Now that I had my calculated sentiments, I wanted to see the total summed sentiment for each album. To do this, I used the logical operator "$" to select the column "total" from my data frames, and then used the "sum" function to add up all of the sentiment scores per album. Then, I printed out the results to my console. These summed totals can be seen in the screenshot to the right.

Then, I created an entirely new data frame. I did this by first creating two new variables, "albumTitle" and "sentimentSum" and assigned all of the album titles and their sentiment totals to these variables. Then, I created a data frame, or "tibble," with these variables. The most important part of doing this was to make sure the titles and their respective numbers were arranged in the same order. If they were written in random order, the numbers would be assigned to the wrong album name. Finally, I created a bar graph displaying the total sentiments for each album.

c("Meet Miley Cyrus", "Breakout", "Can't Be Tamed", "Bangerz", "Dead Petz", "Younger Now") -> albumTitle

c(160, 74, -50, 106, -273, 1) -> sentimentSum

tibble(albumTitle, sentimentSum) -> allAlbumsSentiment

ggplot(allAlbumsSentiment, aes(albumTitle, sentimentSum, fill = albumTitle)) +
geom_col(show.legend = FALSE) +
labs(x = "", y = "Sentiment") +
ggtitle("Total Sentiment by Album") +
theme(axis.text.x = element_text(angle = 45, hjust = 1)) -> totalSentImage

As you can see from the resulting graph, one album is clearly more negative than the rest.
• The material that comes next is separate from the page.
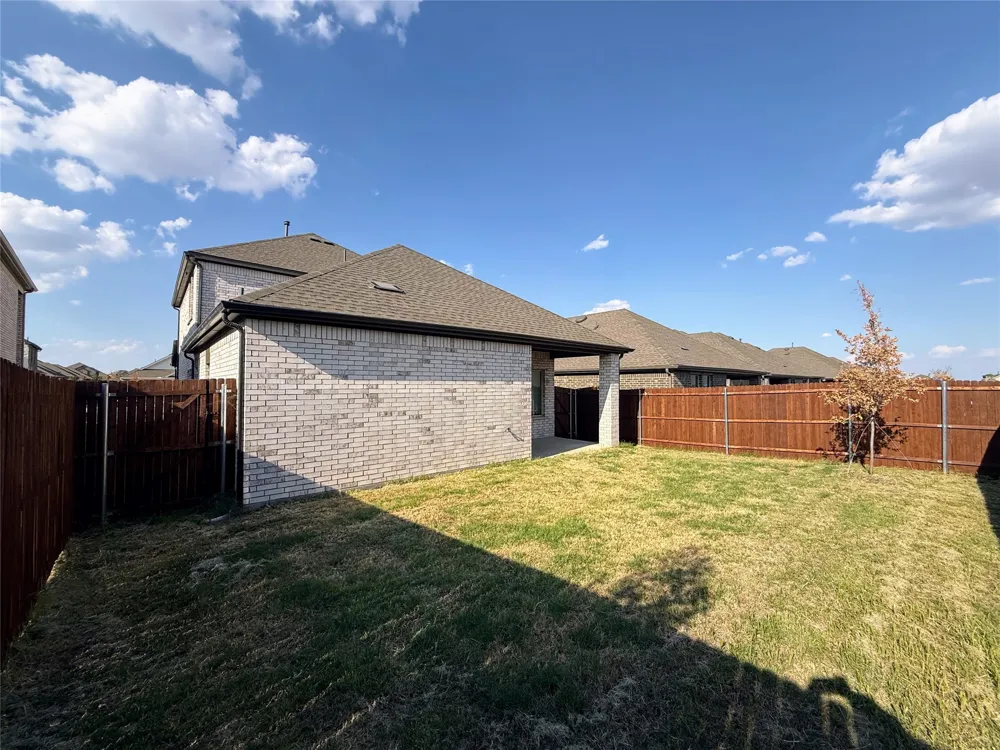 10316 Crusoe Street Aubrey, TX 76227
Miley Cyrus and Her Dead Petz  is by far Cyrus's most negative album with a total sentiment score of -273. This is most likely due to her heavy use of swear words throughout the album, and because each has a score of -4 or -5.

Her first album, Meet Miley Cyrus, is unsurprisingly her most positive with a total score of 160. It is unsurprising because she was only 14 when she released it and was still working as a Disney Channel star. Her songs at the time were very clean and revolved around friendship which certainly helped bring up that positive score.

However, a result I found surprising was how Bangerz  compared to the rest of her albums, ranking as the second most positive. I expected it to be the second most negative because this album was released when Cyrus began to change her public appearance, cutting her hair short and wearing much more revealing clothing; a time when she was showing the world that she was no longer an innocent child star but rather a grown woman who embraces her sexuality. While she does start to use more negative language in this album, including swear words, she also repeats the word "love" over 100 times in it, which has a sentiment score of 3. Her heavy usage of love in this album is most likely the reason it has such a high total sentiment score.

Another interesting thing about this graph is Younger Now  and how it is barely visible. With a total score of 1, it is certainly Cyrus's most "balanced" album when it comes to her word usage. Looking back at the graph for the album's individual sentiment analysis, it makes sense that it has such a neutral score since the results for the top twenty words seem almost mirrored.

Conclusion

Overall, I believe that my results support my hypothesis. While her albums didn't get increasingly more negative over time, they were generally more positive during her time as a Disney Channel actress than they were later on in her career. Meet Miley Cyrus  and Breakout  were both released while she was still an actress for Hannah Montana and both had high positive scores for their total sentiment. Her albums didn't start reaching negative total scores until Can't Be Tamed was released in 2010 — one year after the show ended.

While I certainly discovered some very interesting information from my analysis, I believe that the "evolution" of Miley Cyrus and her music would be a good topic for further research. I would be interested in learning if and how her change in appearance and musical styles had an impact on her fan approval.